We believe that the facts of this case fall more directly under the rationale of State v. Proctor, supra, wherein the officers obtained the identification number of several calculators. Therein the court stated at pages 276-77:

In other words, police who are rightfully upon a citizen's property for a limited purpose may not rummage about in the hope or expectation that incriminating evidence or contraband will turn up. But that is not this case. . . . The temporary detention may continue while the officer questions other persons present or radios police headquarters to check the information gained. ... A noting of the serial numbers on the calculators was such an intermediate response.

(Citations omitted.)

Here, the police merely noted the identification number and resumed their patrol, at which time they asked for a check on the number. It subsequently developed that the number was assigned to a vehicle reportedly stolen. Then having probable cause, the officers properly obtained a search warrant and proceeded in accordance thereto.

We find the noting of the serial numbers was not an unreasonable search and did not constitute a wrongful seizure of evidence. Cf. Arizona v. McCleary, 116 Ariz. 244, 568 P.2d 1142 (1977); Singleton v. Oklahoma, 568 P.2d 284 (Okla. Crim. App. 1977). The convictions are affirmed.

Green, J., concurs.

McInturff, J.

(dissenting) — I respectfully dissent. This case falls squarely within State v. Murray, 8 Wn. App. 944, 509 P.2d 1003 (1973), aff'd, 84 Wn.2d 527, 527 P.2d 1303 (1974) , and State v.

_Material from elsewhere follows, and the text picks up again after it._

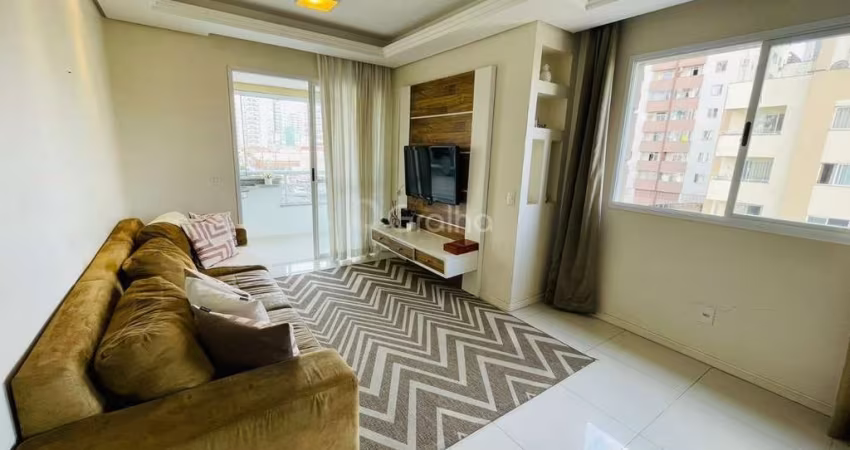 Apartamento à venda com 2 dormitórios, 1 suíte e 86m². Campinas. São José.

Keefe, 13 Wn. App. 829, 537 P.2d 795 (1975) . Neither here nor in either of those cases were the officers aware at the time they "seized" the evidence that it was evidence of a crime. Here, as in Murray and Keefe, it was a subsequent investigation that disclosed the incriminating nature of the evidence seized by the officers.

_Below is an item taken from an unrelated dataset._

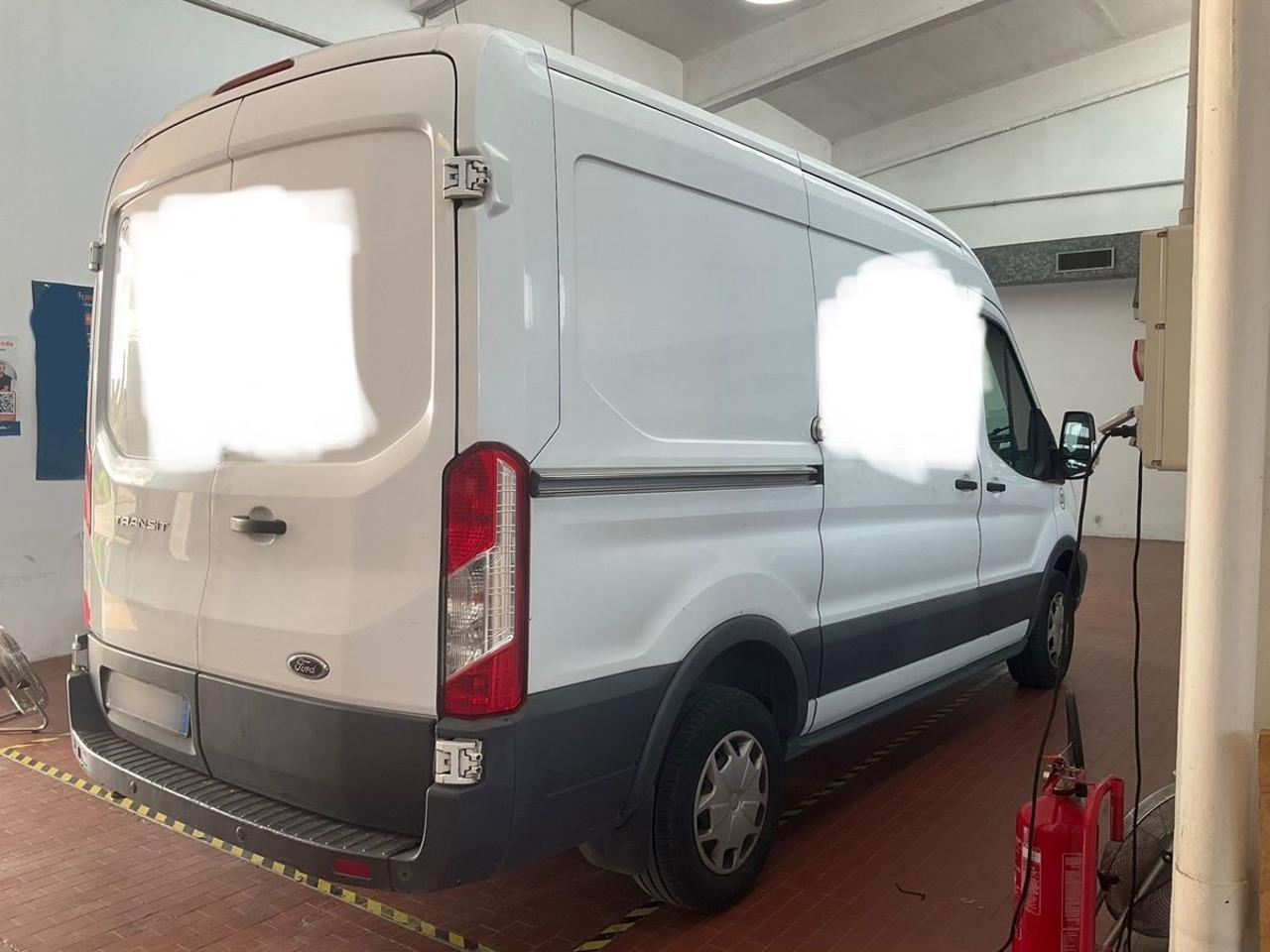 FORD Transit 310 2.0TDCi EcoBlue 130CV - 9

Just as there was nothing incongruous about the presence of the television set from which the officers took the identification number in Murray, there is nothing incongruous about the Camaro in the garage here. Indeed, that is where a vehicle in a state of disrepair likely would be found. Furthermore, the officers' knowledge of other Camaros in the area does not furnish them with knowledge of the vehicle's incriminating nature. There was nothing to establish a nexus between the vehicle in the garage and any of the other vehicles or between the vehicles and the defendants. In fact, the information possessed by the officers when they searched for and seized the identification number would not provide probable cause upon which to issue a warrant.

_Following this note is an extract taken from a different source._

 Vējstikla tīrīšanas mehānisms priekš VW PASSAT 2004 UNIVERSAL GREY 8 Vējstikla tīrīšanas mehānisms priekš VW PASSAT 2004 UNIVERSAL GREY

Thus, under these circumstances, State v. Proctor, 12 Wn. App. 274, 276-77, 529 P.2d 472 (1974), relied upon by the majority, is distinguishable. As the more complete context of that portion of the opinion cited by the majority reads:

In other words, police who are rightfully upon a citizen's property for a limited purpose may not rummage about in the hope or expectation that incriminating evidence or contraband will turn up. But that is not this case. The information which the police had about Proctor, coupled with the incongruity of the items seen in the business office, gave the officer probable cause to believe that he was looking at stolen property. It was reasonable for him to note the serial numbers.

(Italics ours.)

If, as the majority strenuously argues, the officers entered the garage solely for the purpose of finding possible fight participants, injured victims or "people who might be hiding for one reason or another," they exceeded the scope of their exceptional and limited intrusion just as did the police officers in Murray. Their discovery of the Camaro could have been inadvertent, but the discovery of a metal identification tag on its dashboard was not. Finding and recording the identification number required an overt, searching act beyond the purpose for which the officers were lawfully present. This is a classic case of extending a justifiable but limited intrusion to ’’a general exploratory search from one object to another until something incriminating at last emerge[d]." Coolidge v. New Hampshire, 403 U.S. 443, 466, 29 L. Ed. 2d 564, 91 S. Ct. 2022 (1971).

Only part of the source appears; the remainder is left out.